Canadian permanent resident shocked to discover U.S. ICE arrests extend to white families too

Mother-in-law Danielle Jensen posted that she never imagined federal policies would apply to white people with decades of residency when she supported stricter border controls.

Jensen, whose Canadian son-in-law Curtis was detained by ICE after a minor teenage offense from over 20 years ago, emphasized that the executive order authorizing detention and removal of noncitizens "to the maximum extent of the law" was clearly meant for other families—specifically those she described as "actual illegals," not permanent residents married to her daughter with three American children.

"When they said 'protecting American people,' I thought they meant from the bad ones," Jensen explained, apparently unaware that the policy directs enforcement "against all inadmissible and removable aliens" without carve-outs for people who seem nice or have blonde children. "Curtis has a good job. He goes to church. His baby misses him. This wasn't supposed to happen to us."
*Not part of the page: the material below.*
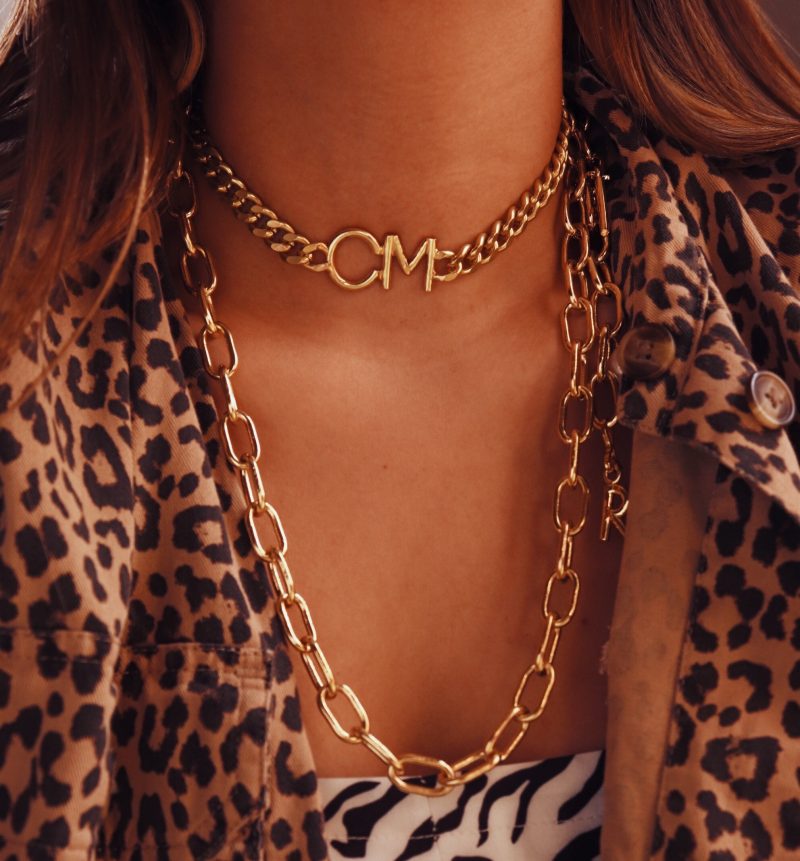 Collar Cayetana Doble Inicial - Imagen 2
The family expressed particular confusion about why ICE detained Curtis at customs, noting he's been a permanent resident since his teenage years and is "almost 40." Sources confirmed the family was somehow unaware that the Trump administration's enforcement memo explicitly states "prosecutorial discretion shall not be exercised in a manner that exempts or excludes a specified class or category" of removable individuals, even those who make really good points about why they personally should stay.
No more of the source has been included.